Si la colère montre, on peut "gazer" (engueuler) son interlocuteur ou simplement lui intimer de "gazer", c’est-à-dire de dégager.
En revanche, le « farceur » est nettement moins amusant : ce n’est qu’un vulgaire menteur. Et un « esquiveur » (ou « skiveur ») ? C’est pire. Il est non seulement menteur, mais aussi peu fiable, pas du tout sérieux, et escroc par-dessus le marché. Bref, un sinistre personnage qui peut contrarier. Dans une discussion avec ce type d’énergumène, on peut donc être amené à manifester son mécontentement, voire à « varier », c’est-à-dire se mettre en colère. On peut aussi « gazer » son interlocuteur, autrement dit l’engueuler et, si la situation s’envenime vraiment, tout simplement lui demander de « gazer ». Dans ce cas, on lui intime de dégager. Après cela, libre à vous de « phaser ». Ce verbe n’existe pas en français, en franlingala, si. Son sens ? Dormir. On peut notamment « phaser », dans son « palais », autrement dit sa maison. Mais, attention, le « phaseur » n’est pas pour autant quelqu’un qui dort tranquillement, encore moins dans son palais… puisque le terme « phaseur », lui, évoque en fait un enfant des rues.
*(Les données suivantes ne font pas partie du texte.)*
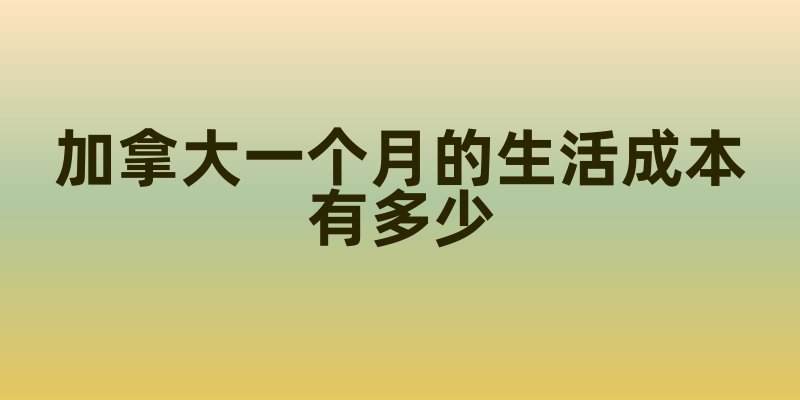 加拿大一个月的生活成本有多少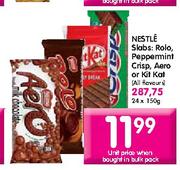 Nestle Slabs:Rolo,Peppemint Crisp,Aero Or Kit Kat-24 x 150g Each 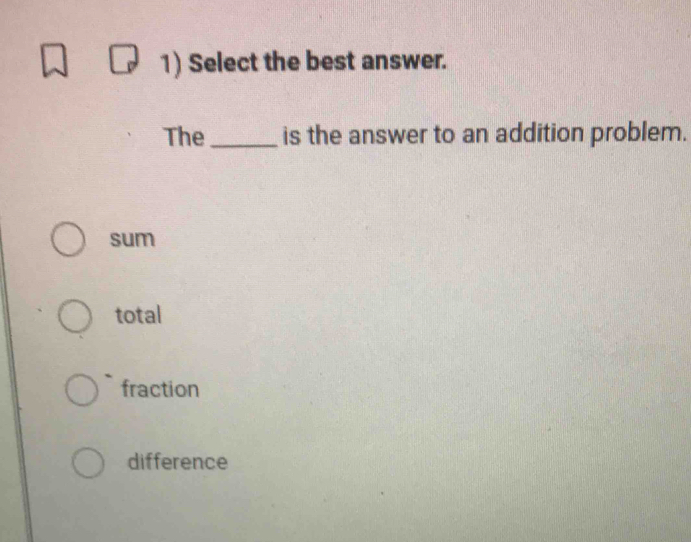 Select the best answer.
The _is the answer to an addition problem.
sum
total
fraction
difference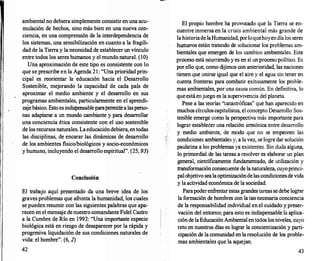 1 '
ambiental no debiera simplemente consistir en una acu­
mulación de hechos, sino más bien en una nueva con­
ciencia, en una comprensión de la interdependencia de
los sistemas, una sensibilización en cuanto a la fragili­
dad de la Tierra y la necesidad de establecer un vínculo
entre todos los seres humanos y el mundo natural. (10)
Una aproximación de este tipo es consistente con lo
que se prescribe en la Agenda 21: "Una prioridad prin­
cipal es reorientar la educación hacia el Desarrollo
Sostenible, mejorando la capacidad de cada país de
aproximar el medio ambiente y el desarr
ollo en sus
programas ambientales, particularmente en el aprendi­
zajebásico. Esto es indispensableparapermitira lasperso­
nas adaptarse a un mundo cambiante y para desarr
ollar
una conciencia ética consistente con el uso sostenible
de los recursosnaturales. Laeducacióndebiera, entodas
las disciplinas, de encarar las dinámicas de desarrollo
de los ambientes físico/biológicos y socio-económicos
y humano, incluyendo el desarr
ollo espiritual". (25, 93)
Conclusión
El trabajo aquí presentado da una breve idea de los
graves problemas que afronta la humanidad, los c�les
se pueden resumir con las siguientes palabras que apa­
recen en el mensaje denuestro comandante Fidel Castro
a la Cumbre de Río en 1992: "Una importante especie
biológica está en riesgo de desaparecer por la rápida y
progresiva liquidación de sus condiciones naturales de
vida: el hombre". (6, 2)
42
El propio hombre ha provocado que la Tierra se en­
cuentre inmersa en la crisis ambiental más grande de
la historiadelaHumanidad, porloquehoyendíalos seres
. humanos están tratando de solucionar los problemas am­
bientales que emergen de los cambios ambientales. Este
proceso está ocurriendo y es en sí un proceso político. Es
por ello que, como dijimos con anterioridad, las naciones
tienen que unirse igual que el aire y el agua sin tener en
cuenta fronteras para combatir exitosamente los proble­
mas ambientales, por una causa común. En definitiva, lo
que está enjuego es la supervivencia del planeta.
Pese a las teorías "catastróficas" que han aparecido en
muchos círculoscapitalistas, el concepto Desarr
ollo Sos­
tenible emerge como la perspectiva más importante para
lograr establecer una relación armónica entre desarrollo
y medio ambiente, de modo que no se empeoren las
condiciones ambientales y, a lavez, se logre dar solución
paulatina a los problemas ya existentes. Sin duda alguna,
lo primordial de las tareas a resolver es elaborar un plan
general, científicamente fundamentado, de utilización y
transformación consecuente de lanaturaleza, cuyoprinci­
palobjetivo sealaoptimizacióndelas condicimiesde vida
y la actividad económica de la sociedad.
Parapoderenfrentar estas grandestareas se debe lograr
la formación de hombres con la tannecesaria conciencia
de la responsabilidad individual en el cuidado y preser­
vación del entorno; para esto es indispensable la aplica­
ciónde laEducaciónAmbiental entodos losniveles, cuyo
reto en nuestros días es lograr la concientización y parti­
cipación de la comunidad en laresolución de los proble­
mas ambientales que la aquejan.
43
 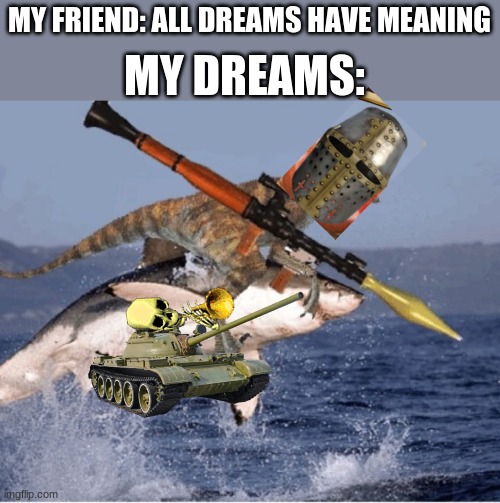 velociraptor shark rpg | MY DREAMS:; MY FRIEND: ALL DREAMS HAVE MEANING | image tagged in velociraptor shark rpg | made w/ Imgflip meme maker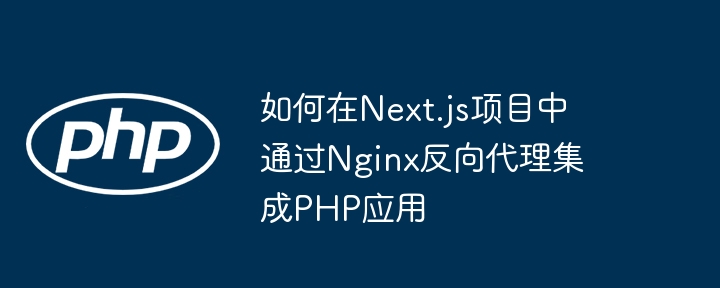 Next.js搭配Nginx反向代理PHP教程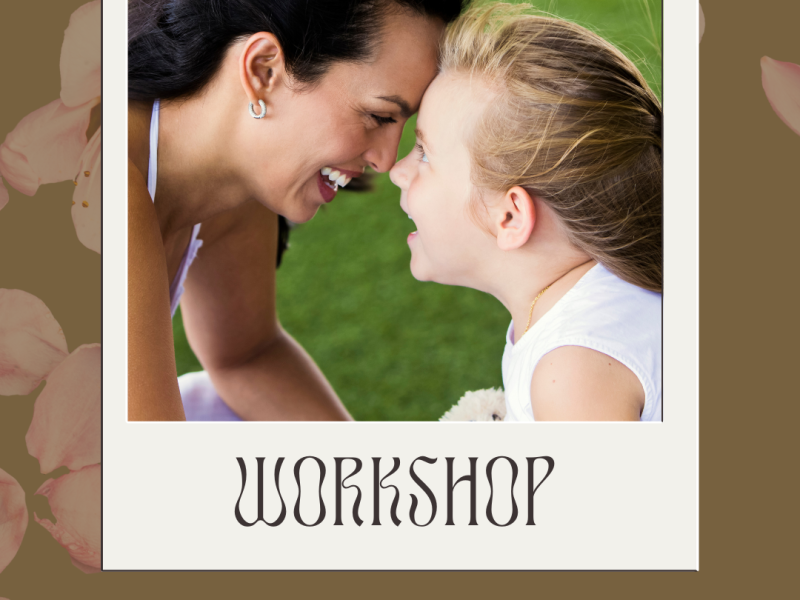 ouder-kind workshop - VERSTERK DE VERBINDING MET JOUW KIND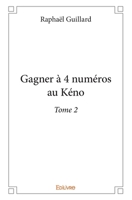 Gagner à 4 numéros au Kéno - Tome 2 (French Edition) 2414296690 Book Cover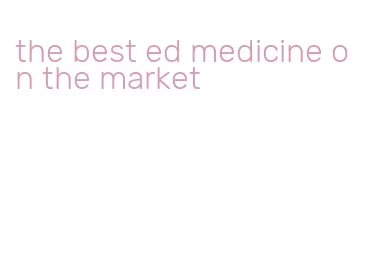 the best ed medicine on the market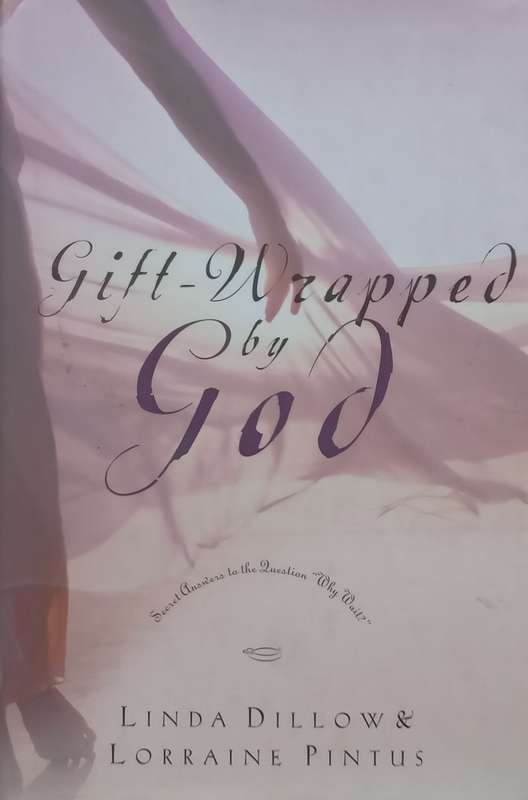 Gift-Wrapped by God: Secret Answers to the Question Why Wait? | Linda Dolliw & Lorraine Pintus
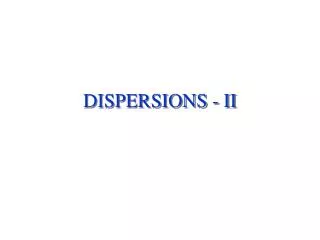 DISPERSIONS - II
Nous voici donc dans les rues de la capitale. Les transactions y vont bon train et y sont menées aussi bien en francs congolais qu’en dollars. Toutefois, si vous retirez de l’argent dans un distributeur, sachez que vous n’aurez que des billets verts. C’est peut-être à ce moment-là qu’on vous parlera de « feuille ». Entendez un billet de 100 dollars.
Autre partie de plaisir urbaine, la circulation à Kin, où les transports en commun ne sont pas une solution, mais un véritable casse-tête. La situation se complique quand s’en mêlent les « esprits de mort », ces fameux Minibus Mercedes 207 antédiluviens et déglingués, cause de nombre d’accidents. Mais les « faux têtes » (sic) n’en ont cure, ils continuent de resquiller malgré la vigilance des contrôleurs, qui, eux, à voir leurs « façades » (visages), finissent par « bâiller », c’est-à-dire par en avoir marre.
En tout cas si, dans la pagaille, un lingalaphone vous parle d’un « danger » (parfois on entend « danzé »), pas de panique, il n’y a pas péril en la demeure. C’est une façon d’exprimer toute l’admiration qu’on a pour une femme, un homme que l’on trouve « grave » (superbe) ou pour un objet sortant de l’ordinaire, le top du top. Le « pétrole » désignant un produit rare et le « bord », un objet ou un bien quelconque… ou un sexe. Un « faux bord » étant une femme de petite vertu.
Méfiez-vous aussi du « six-neuf ». C’est un détraqué. Quant au « trente-trois tours »… Évidemment, nostalgie oblige, vous pensez sans hésiter à nos bons vieux vinyles. Erreur ! C’est un antimoustique de couleur verte en forme de spirale (et made in China) dont on allume l’une des extrémités pour qu’il dégage une fumée censée chasser les terribles bestioles.
Enfin, sachez que quand un Kinois, sciemment ou non, donne un faux rendez-vous, ses victimes ne font allusion à aucun lapin, mais n’apprécient pas, en revanche, qu’on leur ait mis un… « poteau ».
Vous avez l’embarras du choix, le franlingala est plus vivant que jamais.